El
niño atendido satisfactoria y oportunamente en sus necesidades psicoafectivas a
lo largo de su desarrollo, llegado el momento de madurez correspondiente (cada
uno a su propio ritmo) logra adquirir por autorregulación, la autonomía en las
funciones biológicas o psicológicas. Es un mito, una falacia bastante extendida
la idea de que al darles mucho amor, satisfacer su pedidos psicoafectivos
(brazos, colecho, mirada, juego, presencia, lactancia materna
"prolongada"…) los convertiremos en seres dependientes (nunca lo
sacarás de la cama, lo sobreproteges, lo malcrías, etc.)
Las
interferencias que impiden madurar a las criaturas no tienen nada que ver con
satisfacer sus necesidades afectivas o con prodigarles presencia segurizante
toda vez que la piden. Al contrario.
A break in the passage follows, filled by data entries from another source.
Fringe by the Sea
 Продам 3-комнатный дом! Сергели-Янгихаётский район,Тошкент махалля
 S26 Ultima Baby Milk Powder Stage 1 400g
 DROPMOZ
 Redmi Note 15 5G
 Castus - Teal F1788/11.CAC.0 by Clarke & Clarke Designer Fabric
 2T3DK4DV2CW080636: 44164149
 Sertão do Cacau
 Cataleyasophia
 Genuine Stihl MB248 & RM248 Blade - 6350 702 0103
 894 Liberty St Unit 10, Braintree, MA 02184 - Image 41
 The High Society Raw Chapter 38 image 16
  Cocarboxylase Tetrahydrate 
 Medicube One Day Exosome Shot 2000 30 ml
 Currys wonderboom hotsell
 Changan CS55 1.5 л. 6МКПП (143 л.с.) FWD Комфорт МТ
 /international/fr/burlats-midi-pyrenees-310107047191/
Interferimos en el desarrollo de los niños
cuando pretendemos frustrar sus necesidades afectivas, o apurarlos para que
alcancen etapas madurativas que aún no les corresponde, en el afán de que se
hagan "independientes".
Lamentablemente
una mayoría de profesionales sanitarios, psicólogos, educadores, basan su
criterio sobre doctrinas hostiles a la infancia, tales como la teoría de la
frustración y el niño como perverso polimorfo de Freud, que achacan toda
conducta no deseada o la dependencia natural de los niños pequeños, a la
complacencia afectiva de los padres hacia las criaturas, creando así
inseguridad y confusión en los progenitores que desde el sentido común, la
sabiduría filogenética y la intuición, perciben el deseo de establecer una
crianza natural, conectada y responsiva con las necesidades reales y los
pedidos legítimos de los niños a su cargo.
Tal
y como afirma la psicóloga y autora Yolanda González, “solo desde el conocimiento
de sus procesos evolutivos y desde el respeto y la confianza en su
autorregulación, podremos como padres, educadores y profesionales, fomentar
vínculos seguros y futuros adultos más solidarios con la vida y el planeta.”